The two dancers are followed by a pair of sprites, ethereal creatures described by the playwright as Caretakers. These odd guardian angels, dressed in white, skin-tight acrobatic outfits, look like refugees from Cirque du Soleil. Their aimless banter quickly becomes annoying.
Also making an appearance is a mild-mannered European umbrella maker named Matthias, searching for his long-missing wife. He doesn’t find her. Henry Stram, who resembles a figure in a Magritte painting, suggests a poignancy that’s not found in the text.

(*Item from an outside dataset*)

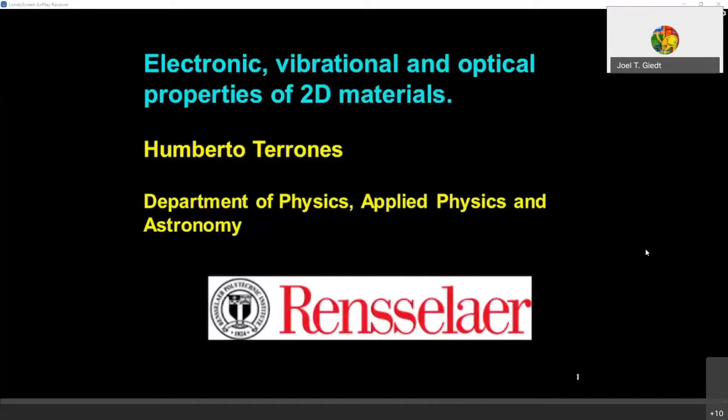Professor Humberto Tirones is going to talk about electronic properties, vibrational properties, and optical properties of 2D materials. Please take it away, Professor Tirones.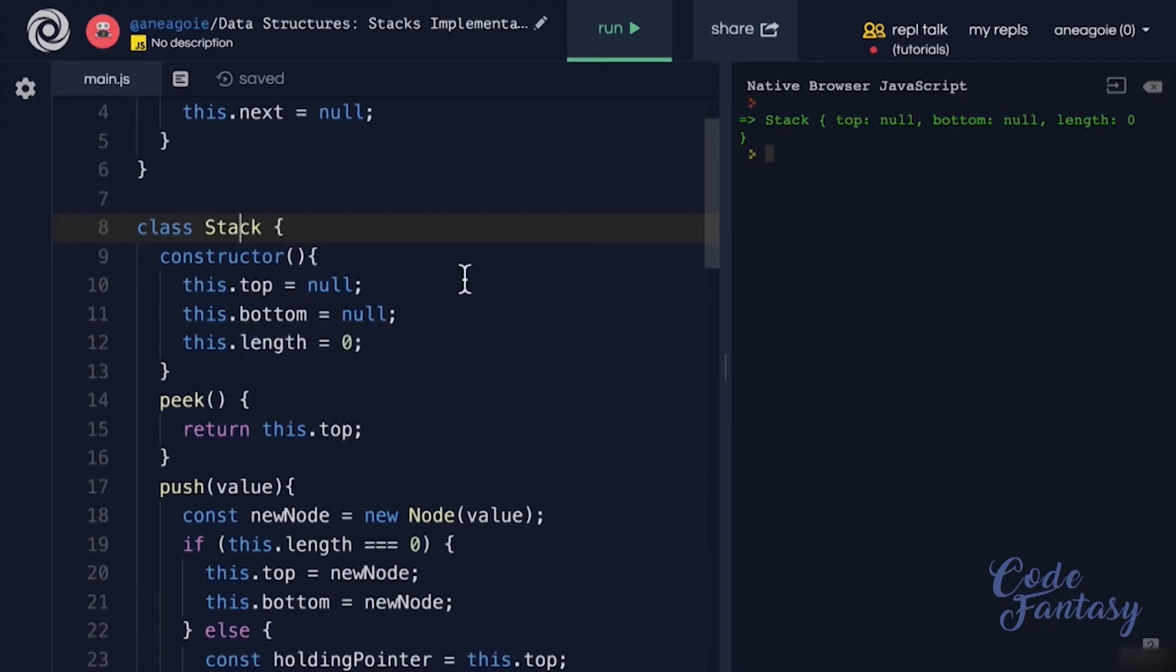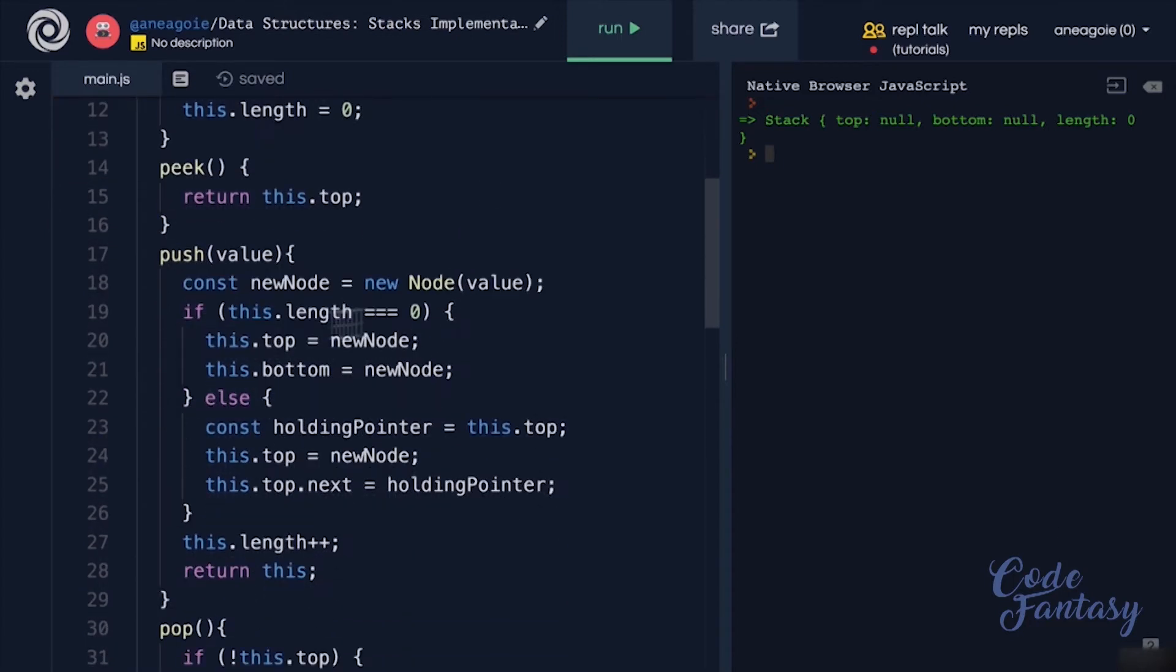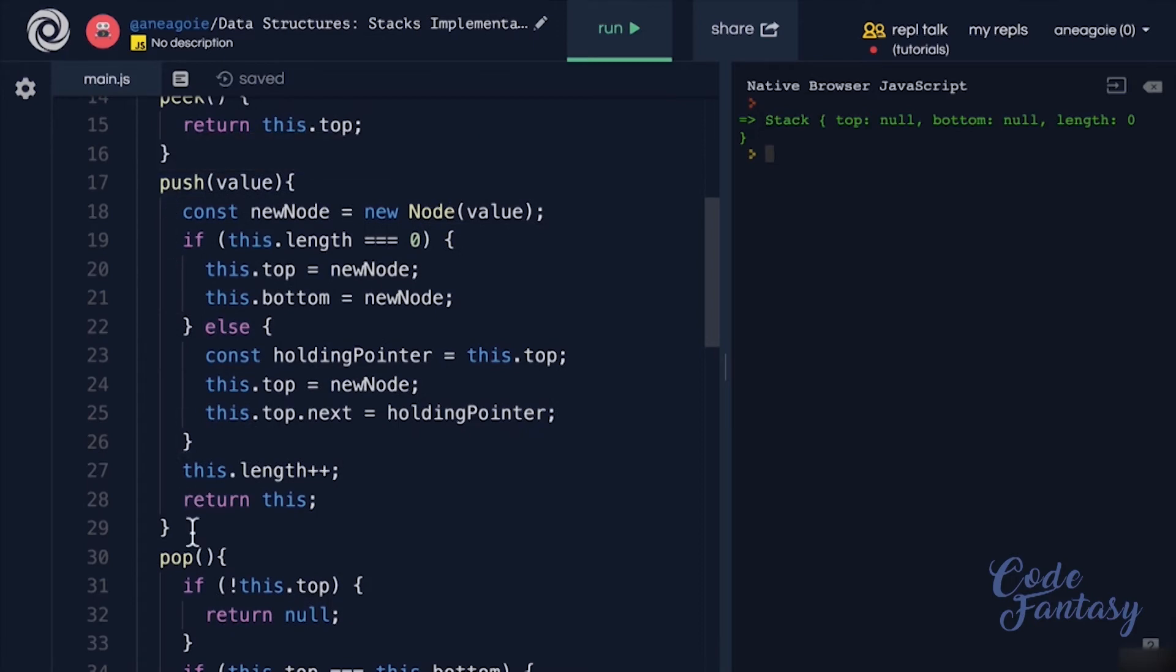The hint here is that it's going to be super simple. It's going to involve deleting a lot of this code because arrays already have push and pop.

It is never clear what Cruz is driving at, although the plot is sprinkled with such theme-thumping lines as: ``To live is to dance with death″; and, ``Things inside the chest have to be dusted, too. Have to take a broom and sweep the heart.″
Instead, the audience is subjected to a series of arguments, mostly between Federico and Ramona, bickering about their dance career. Their verbal assaults are interrupted by those pesky angels who just don’t know when to quit bothering them.
Luis Antonio Ramos gives a brash, unsubtle performance as the flamboyant Francine. Julio Monge and Marianne Filali are convincingly athletic as the hyperkinetic creatures. And Franca Barchiesi and Paul Calderon tango intriguingly as the famous dance couple.
One wishes that Daniele were not so stingy in setting this show in motion. Dancing is what this oddball play is about _ and it is curiously short-changed here.